You can use Trino shell to query your Iceberg tables directly. This is useful when you want to inspect the data in your Iceberg tables for debugging or ad hoc queries.

How to Enter into Trino Shell

In your console, run the following to enter into Trino shell:

$
sidetrek run trino shell

When you see trino>, you’re in.

Trino Catalog/Schema

The top level of Trino is the catalog. A catalog is a connector to a data source. For example, the iceberg catalog is a connector to the Iceberg tables in your project. This is like a database in Postgres.

Inside a catalog, there are schemas. A schema is a namespace for tables - it’s useful for grouping a bunch of tables. For example, the raw schema might contain the orders table and the project_staging schema might contain stg_iceberg__orders table. This is like a schema in Postgres.

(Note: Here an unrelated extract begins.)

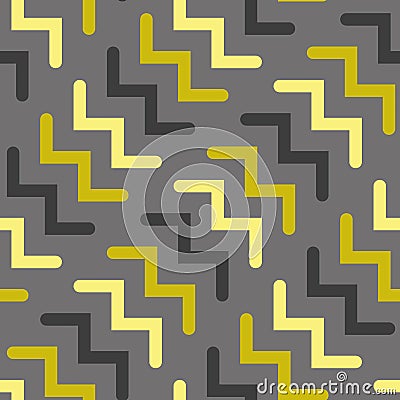 Vector chevron seamless geometric pattern in grey and gold Vector Illustration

Finally inside a schema, there are tables.

If you’d like to see a comparison of how Trino catalog/schema structure maps to other database systems, take a look at Database/Schema Terminologies docs.

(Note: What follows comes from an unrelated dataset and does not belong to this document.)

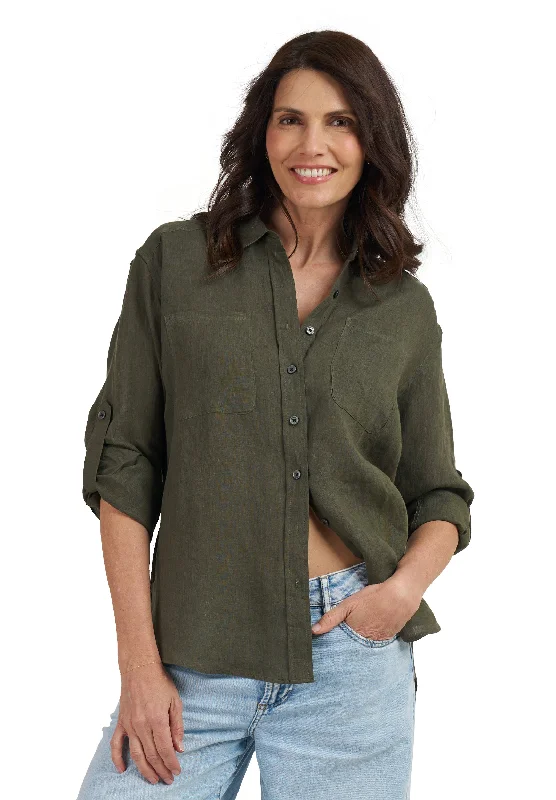 soft fabric short sleeve tops for women -Luna Olive Green Oversized Linen Shirt with Pockets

Now, let’s list all the Trino catalogs (connectors) you have inside Trino shell:

$
show catalogs;

You should see the iceberg catalog.

 Catalog 
---------
 iceberg 
 system  
(2 rows)

You can also check all the available schemas inside the iceberg catalog.

$
show schemas in iceberg;

Let’s query the number of rows in the table stg_iceberg__orders in the schema project_staging in the catalog iceberg. Run the following:

$
select count(*) from iceberg.project_staging.stg_iceberg__orders;

You’ll see the output:

 _col0  
---------
 1000000 
(1 row)

It’s cumbersome to have to type the catalog and schema name every time you want to query a table. You can set the default catalog and schema so you don’t have to type them every time.

$
use iceberg.raw;

Instead of trino> you’ll see trino:raw> on the terminal. Now you can view all the tables in this schema by running:

$
show tables;

You can also run any query you’d like in that schema:

$
select count(*) from orders;

And you should see the output:

 _col0  
---------
 1000000 
(1 row)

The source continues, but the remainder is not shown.